_EXERCISE INSTRUCTIONS_
From the line containing "3933 チエル(株): ROEの標準偏差の推移" to the last line of the data, both included, transcribe each line exactly, leaving out pictures and adding nothing.

_DATA EXTRACTS_
*** Block opens ***

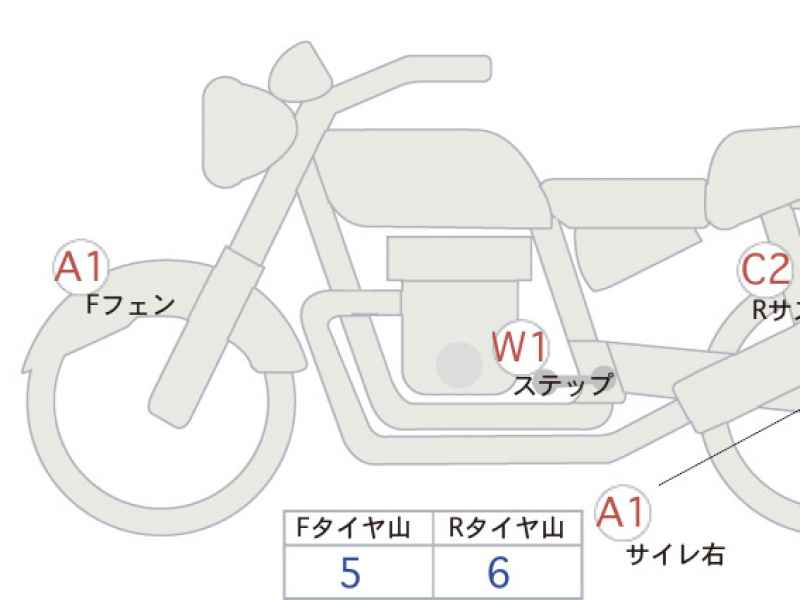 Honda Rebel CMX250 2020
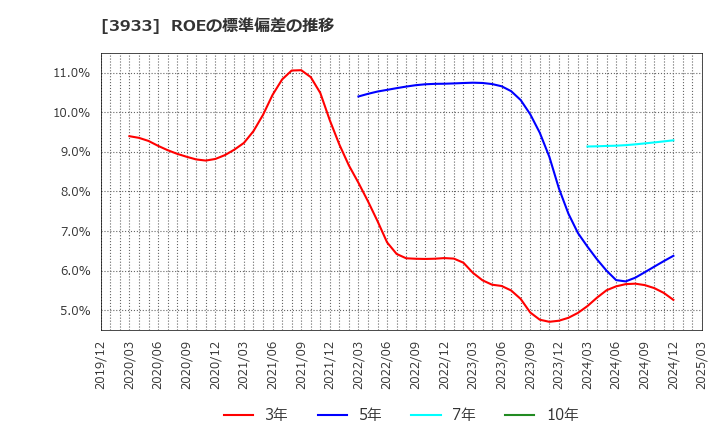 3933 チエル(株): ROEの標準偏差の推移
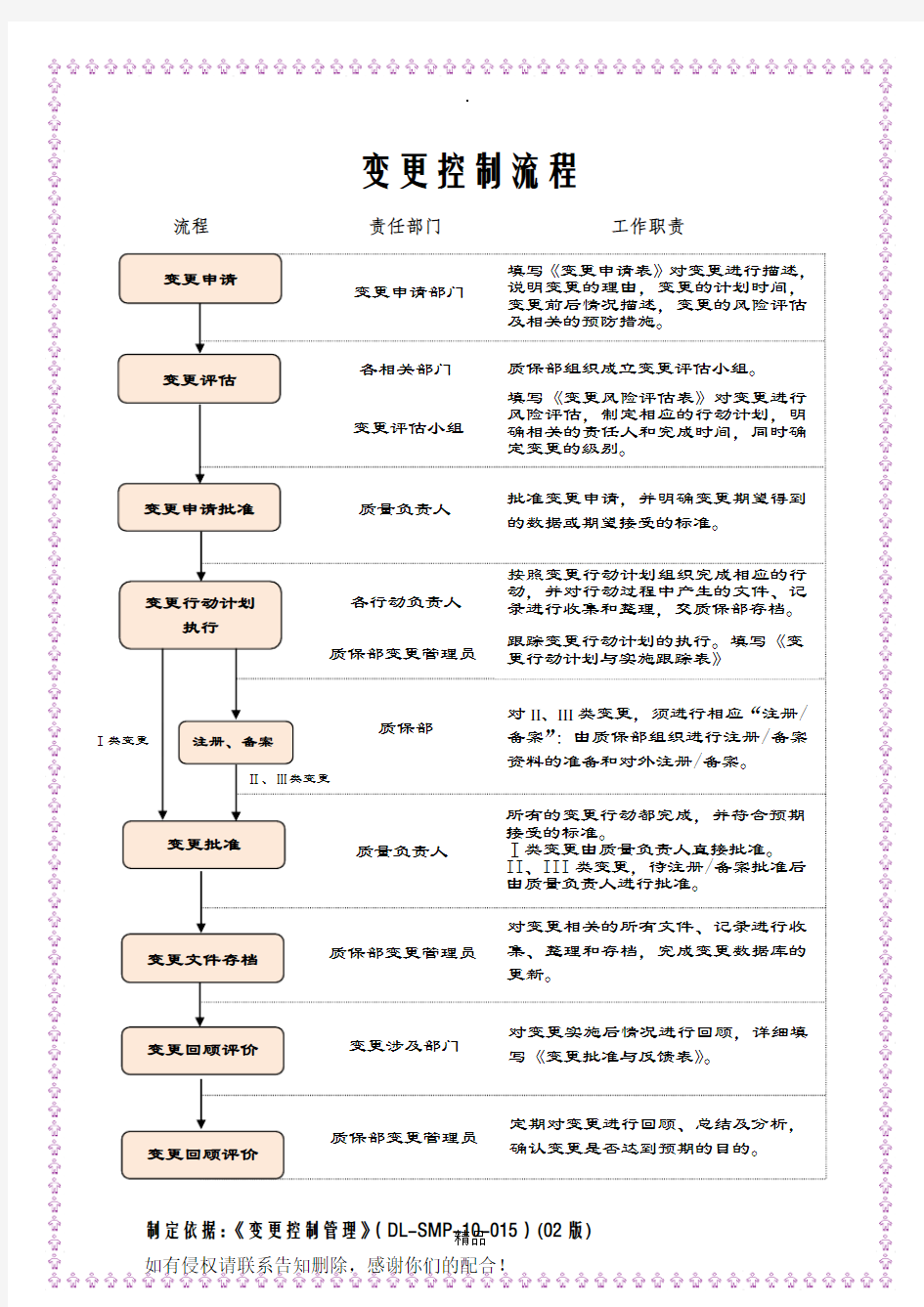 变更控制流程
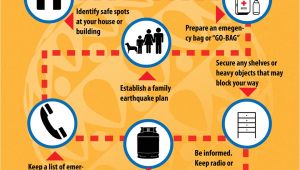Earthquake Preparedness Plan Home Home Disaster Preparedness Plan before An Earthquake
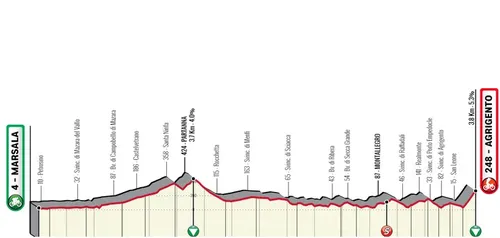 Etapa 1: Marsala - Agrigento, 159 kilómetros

*** Block closes ***

_EXERCISE RESPONSE_
 3933 チエル(株): ROEの標準偏差の推移
 变更控制流程
Earthquake Preparedness Plan Home Home Disaster Preparedness Plan before An Earthquake
 Etapa 1: Marsala - Agrigento, 159 kilómetros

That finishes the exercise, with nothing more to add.